Regarde-moi a une vraie ambition de cinéma car nous sommes ni dans une approche sociologique de la banlieue ni dans le registre de la comédie. Vous êtes jeune – vous avez à peine 24 ans – et c’est votre premier long-métrage : comment avez-vous réussi à faire financer ce projet par Gaumont ?
7ème Apache Films, notre boîte de production, avait réuni la moitié du budget. Il nous fallait convaincre des distributeurs de rejoindre le projet pour joindre les deux bouts. Devant un certain nombre de refus, on a choisi de se diriger vers les plus gros. Comme Apache Films avait déjà un certain nombre de projet en cours avec Gaumont, on leur a proposé le scénario. Il a beaucoup plu et pour eux, c’était une sorte de pari sur l’avenir, l’enjeu financier étant relativement peu important pour eux. Le producteur de Gaumont n’a pas voulu voir mes premiers courts-métrages et m’a laissé totalement libre de mener mon projet comme je l’entendais. C’était très bien comme ça.
Les enjeux cinématographiques et de montage posés par Regarde-moi rappellent les partis pris d’Elephant. Ici, la subjectivité du point de vue – masculin puis féminin – est traduite par la répétition de scènes selon un axe différent. D’où vous est venue cette idée ?
Avant tout, je voulais parler de l’histoire de ces filles de la cité. Mon film fonctionne comme un entonnoir. Je vois d’abord très large avec vingt personnages. Puis à la fin, je n’en ai plus que deux. Mais pour raconter l’histoire de ces deux filles, il fallait d’abord une partie très informative. La banlieue, je connais pour y avoir vécu mais ce n’est pas forcément le cas de tout le monde et je ne cherche pas à faire un film que pour les habitants de la banlieue. La seconde partie de mon film, celle qui est consacrée aux filles, peut être très violente et très mal interprétée. C’est pour cela que je voulais d’abord passer par les garçons – qui sont une source d’informations et nourrissent le spectateur – pour que l’on comprenne la particularité du regard porté sur les filles. Cette première partie nous permet ensuite d’accompagner ces personnages féminins sans les juger car dans ce film, je ne juge personne.
Disposiez-vous de plusieurs caméras pour tourner ces scènes où la question de la subjectivité entre en jeu ?
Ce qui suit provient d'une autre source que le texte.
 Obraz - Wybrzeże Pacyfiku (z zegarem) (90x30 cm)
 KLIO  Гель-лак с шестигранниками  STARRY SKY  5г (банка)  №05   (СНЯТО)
Non, je n’avais qu’une seule caméra. Comme la météo n’était pas très aidante, il ne nous était pas toujours possible de refaire immédiatement la scène d’un autre point de vue. Il fallait parfois attendre deux ou trois jours pour la retourner. Travailler autant avec mes comédiens m’a vraiment permis d’aller vite à l’essentiel car ils savaient rapidement quelle émotion reprendre.
En commençant par le point de vue des garçons, on voit aussi combien ce sont les garçons qui, au sein de cette cité qu’on ne quitte pratiquement jamais, établissent les règles…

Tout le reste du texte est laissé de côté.